Andrographolide, an important bioactive compound in Andrographis paniculata, contributes to the plant's antioxidant properties by directly neutralizing generated free radicals or indirectly protecting the mitochondria by inhibiting pro-oxidant enzymes and/or activating antioxidant enzymes. In this study, the antioxidant activity of Andrographis paniculata extracts (aqueous, carbonated drink and ethanolic) was assessed using standard methods, along with the estimation of the IC₅₀ for each plant extract and the standard (ascorbic acid).

Table 1 presents the results of the DPPH in vitro antioxidant scavenging activity of the aqueous, carbonated drink and ethanolic extracts of Andrographis paniculata compared to ascorbic acid.

Table 1: DPPH scavenging activity of Andrographis paniculata extracts and ascorbic acid

The results indicate that the carbonated drink extract exhibits the highest percentage inhibition among the three extracts when compared with the standard ascorbic acid, which shows a concentration-dependent percentage inhibition. However, the low IC₅₀ value (0.11 mg/mL) of the aqueous extract suggests that it has the highest antioxidant capacity compared to the carbonated drink extract and ethanolic extract of Andrographis paniculata, which have IC₅₀ values of 10.17 mg/mL and 0.42 mg/mL, respectively.

This finding aligns with the results reported by (Hariharan T and Vasan P, 2023), who investigated the in vitro antioxidant activity of aqueous and alcoholic extracts of Andrographis paniculata whole plant powder using the DPPH free radical scavenging assay. In their study, the estimated IC₅₀ values for ethanolic and aqueous extracts of Andrographis paniculata were 0.682 mg/mL and 0.292 mg/mL, respectively.

Table 2 presents the results of the FRAP percentage inhibition of the aqueous, carbonated drink and ethanolic extracts of Andrographis paniculata compared to ascorbic acid (Benzie IF and Strain JJ, 1996). It can be observed that the aqueous extract exhibits the highest percentage inhibition among the three extracts, followed by the carbonated drink extract, while the ethanolic extract shows the least percentage inhibition. Moreover, the low IC₅₀ value 0.62 mg/mL of the aqueous extract indicates that it has the highest antioxidant capacity compared to the carbonated drink and ethanolic extracts, which have IC₅₀ values of 0.68 mg/mL and 0.69 mg/mL, respectively. This result contrasts with the findings of (Akilandeswari G, et al., 2020), who reported that the ethanolic extract of Andrographis paniculata had a lower IC₅₀ value, suggesting greater FRAP antioxidant activity compared to the aqueous extract.
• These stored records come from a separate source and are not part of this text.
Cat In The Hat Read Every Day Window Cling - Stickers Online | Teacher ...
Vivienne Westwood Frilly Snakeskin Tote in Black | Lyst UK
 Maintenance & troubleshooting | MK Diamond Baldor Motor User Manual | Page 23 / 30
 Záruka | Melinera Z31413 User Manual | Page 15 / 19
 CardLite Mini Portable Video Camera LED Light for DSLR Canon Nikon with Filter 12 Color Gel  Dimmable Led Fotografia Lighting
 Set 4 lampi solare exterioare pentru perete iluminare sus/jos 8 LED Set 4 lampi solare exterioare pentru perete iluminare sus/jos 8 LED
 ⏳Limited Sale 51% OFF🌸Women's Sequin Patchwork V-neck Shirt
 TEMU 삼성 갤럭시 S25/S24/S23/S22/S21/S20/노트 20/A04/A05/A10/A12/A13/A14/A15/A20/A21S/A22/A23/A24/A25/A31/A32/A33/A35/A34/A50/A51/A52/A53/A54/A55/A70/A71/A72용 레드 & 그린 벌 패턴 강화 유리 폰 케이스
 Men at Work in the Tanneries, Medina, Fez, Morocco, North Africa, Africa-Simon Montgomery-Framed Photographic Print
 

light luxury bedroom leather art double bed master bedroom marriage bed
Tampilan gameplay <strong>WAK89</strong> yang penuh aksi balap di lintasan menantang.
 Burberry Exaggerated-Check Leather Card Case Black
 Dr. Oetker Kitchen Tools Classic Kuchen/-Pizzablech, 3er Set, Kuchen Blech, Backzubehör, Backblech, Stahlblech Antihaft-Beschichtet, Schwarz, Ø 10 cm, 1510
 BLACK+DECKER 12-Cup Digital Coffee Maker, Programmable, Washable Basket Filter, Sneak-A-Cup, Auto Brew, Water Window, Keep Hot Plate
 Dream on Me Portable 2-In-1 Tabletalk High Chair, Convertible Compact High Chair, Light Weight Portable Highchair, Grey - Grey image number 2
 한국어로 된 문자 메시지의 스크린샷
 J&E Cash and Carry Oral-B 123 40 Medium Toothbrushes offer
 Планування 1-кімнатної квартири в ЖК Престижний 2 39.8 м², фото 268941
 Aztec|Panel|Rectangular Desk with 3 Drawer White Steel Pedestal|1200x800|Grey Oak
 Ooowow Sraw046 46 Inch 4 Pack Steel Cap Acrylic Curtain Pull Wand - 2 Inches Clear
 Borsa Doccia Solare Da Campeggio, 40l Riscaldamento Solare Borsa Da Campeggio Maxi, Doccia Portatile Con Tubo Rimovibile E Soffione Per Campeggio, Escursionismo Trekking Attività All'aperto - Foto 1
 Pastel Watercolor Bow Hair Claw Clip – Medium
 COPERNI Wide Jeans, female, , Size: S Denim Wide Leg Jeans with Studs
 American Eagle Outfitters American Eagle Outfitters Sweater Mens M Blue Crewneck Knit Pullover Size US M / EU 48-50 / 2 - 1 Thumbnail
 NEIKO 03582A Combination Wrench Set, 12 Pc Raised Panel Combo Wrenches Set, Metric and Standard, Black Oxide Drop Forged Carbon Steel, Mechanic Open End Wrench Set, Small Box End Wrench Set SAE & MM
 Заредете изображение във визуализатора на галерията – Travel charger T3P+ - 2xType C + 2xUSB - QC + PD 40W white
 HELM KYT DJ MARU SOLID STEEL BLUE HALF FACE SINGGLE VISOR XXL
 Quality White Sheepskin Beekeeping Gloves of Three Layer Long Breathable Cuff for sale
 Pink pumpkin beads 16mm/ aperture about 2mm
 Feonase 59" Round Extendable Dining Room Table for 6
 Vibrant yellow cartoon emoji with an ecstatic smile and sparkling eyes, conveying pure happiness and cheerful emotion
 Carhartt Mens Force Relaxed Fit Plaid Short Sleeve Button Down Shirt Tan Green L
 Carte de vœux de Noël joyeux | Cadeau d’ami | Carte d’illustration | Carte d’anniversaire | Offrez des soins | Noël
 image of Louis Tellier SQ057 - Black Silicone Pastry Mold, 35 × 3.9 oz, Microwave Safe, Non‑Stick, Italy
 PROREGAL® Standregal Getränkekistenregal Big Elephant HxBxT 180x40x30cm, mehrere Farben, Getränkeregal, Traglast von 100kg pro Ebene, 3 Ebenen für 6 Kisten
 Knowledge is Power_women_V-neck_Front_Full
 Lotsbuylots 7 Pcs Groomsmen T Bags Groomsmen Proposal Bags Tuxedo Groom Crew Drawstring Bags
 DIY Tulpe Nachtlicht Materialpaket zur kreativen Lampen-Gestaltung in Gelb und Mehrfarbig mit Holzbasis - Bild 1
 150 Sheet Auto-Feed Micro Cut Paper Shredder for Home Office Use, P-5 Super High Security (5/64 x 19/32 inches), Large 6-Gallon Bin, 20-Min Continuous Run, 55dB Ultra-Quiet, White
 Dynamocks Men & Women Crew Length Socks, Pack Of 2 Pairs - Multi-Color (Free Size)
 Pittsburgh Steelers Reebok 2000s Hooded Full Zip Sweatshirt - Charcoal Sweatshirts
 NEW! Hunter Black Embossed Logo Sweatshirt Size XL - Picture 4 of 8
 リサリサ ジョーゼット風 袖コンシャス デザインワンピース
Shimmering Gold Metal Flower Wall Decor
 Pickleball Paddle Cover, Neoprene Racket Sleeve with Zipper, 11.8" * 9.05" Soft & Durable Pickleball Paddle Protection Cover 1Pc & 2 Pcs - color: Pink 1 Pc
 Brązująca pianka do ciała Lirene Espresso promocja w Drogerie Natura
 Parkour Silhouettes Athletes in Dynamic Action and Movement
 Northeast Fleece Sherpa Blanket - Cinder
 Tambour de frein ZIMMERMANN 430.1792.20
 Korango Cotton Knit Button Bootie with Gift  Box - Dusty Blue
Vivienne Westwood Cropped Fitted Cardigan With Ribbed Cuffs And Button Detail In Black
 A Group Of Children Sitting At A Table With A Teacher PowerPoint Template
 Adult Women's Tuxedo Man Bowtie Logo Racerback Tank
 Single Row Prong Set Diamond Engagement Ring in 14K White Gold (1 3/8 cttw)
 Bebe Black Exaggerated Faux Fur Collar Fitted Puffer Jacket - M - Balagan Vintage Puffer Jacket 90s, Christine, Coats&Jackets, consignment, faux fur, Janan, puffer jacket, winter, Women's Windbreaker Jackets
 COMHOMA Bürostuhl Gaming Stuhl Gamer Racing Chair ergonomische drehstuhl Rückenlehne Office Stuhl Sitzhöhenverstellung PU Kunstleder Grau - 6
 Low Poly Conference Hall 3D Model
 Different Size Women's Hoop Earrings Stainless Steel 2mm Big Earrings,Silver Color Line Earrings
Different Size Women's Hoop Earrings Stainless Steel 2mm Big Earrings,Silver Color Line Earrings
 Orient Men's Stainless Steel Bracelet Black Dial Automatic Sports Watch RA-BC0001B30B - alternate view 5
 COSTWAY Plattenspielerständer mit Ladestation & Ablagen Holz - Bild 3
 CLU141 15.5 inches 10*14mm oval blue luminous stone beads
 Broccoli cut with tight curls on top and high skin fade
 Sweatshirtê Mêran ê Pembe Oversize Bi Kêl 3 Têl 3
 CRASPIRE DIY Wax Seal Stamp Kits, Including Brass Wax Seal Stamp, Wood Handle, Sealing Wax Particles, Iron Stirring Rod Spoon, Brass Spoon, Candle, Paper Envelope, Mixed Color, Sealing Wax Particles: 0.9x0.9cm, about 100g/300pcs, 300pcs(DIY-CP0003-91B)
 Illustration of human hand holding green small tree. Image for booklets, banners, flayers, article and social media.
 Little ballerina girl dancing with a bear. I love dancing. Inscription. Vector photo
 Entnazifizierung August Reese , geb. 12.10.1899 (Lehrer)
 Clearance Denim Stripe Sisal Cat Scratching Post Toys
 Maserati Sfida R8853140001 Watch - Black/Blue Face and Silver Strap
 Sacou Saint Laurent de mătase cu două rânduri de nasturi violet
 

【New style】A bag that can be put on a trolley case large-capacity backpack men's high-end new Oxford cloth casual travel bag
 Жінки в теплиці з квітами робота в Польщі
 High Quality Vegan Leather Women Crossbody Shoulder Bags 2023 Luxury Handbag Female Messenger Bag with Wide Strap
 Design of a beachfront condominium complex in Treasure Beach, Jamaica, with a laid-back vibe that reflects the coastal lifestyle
The discrepancies may be attributed to differences in specimens used and other environmental factors affecting plant growth and development.

Table 2: Fluorescence Recovery After Photobleaching (FRAP) scavenging activity of Andrographis paniculata extracts and ascorbic acid

Table 3 shows the results of the TAC percentage inhibition activity for the aqueous, carbonated drink and ethanolic extracts of Andrographis paniculata alongside ascorbic acid. The table demonstrates a concentration-dependent increase in percentage inhibition for all extracts of Andrographis paniculata and ascorbic acid, with ascorbic acid exhibiting the highest inhibition. There is no significant difference p>0.05 in percentage inhibition between the aqueous extract and ethanolic extract at concentrations of 0.8 mg/mL and 1.0 mg/mL. However, the estimated low IC₅₀ value 0.35 mg/mL for the ethanolic extract indicates that it has the highest antioxidant potential compared to the carbonated drink, aqueous extract and ascorbic acid, which have IC₅₀ values of 0.41 mg/mL, 0.40 mg/mL and 0.65 mg/mL, respectively.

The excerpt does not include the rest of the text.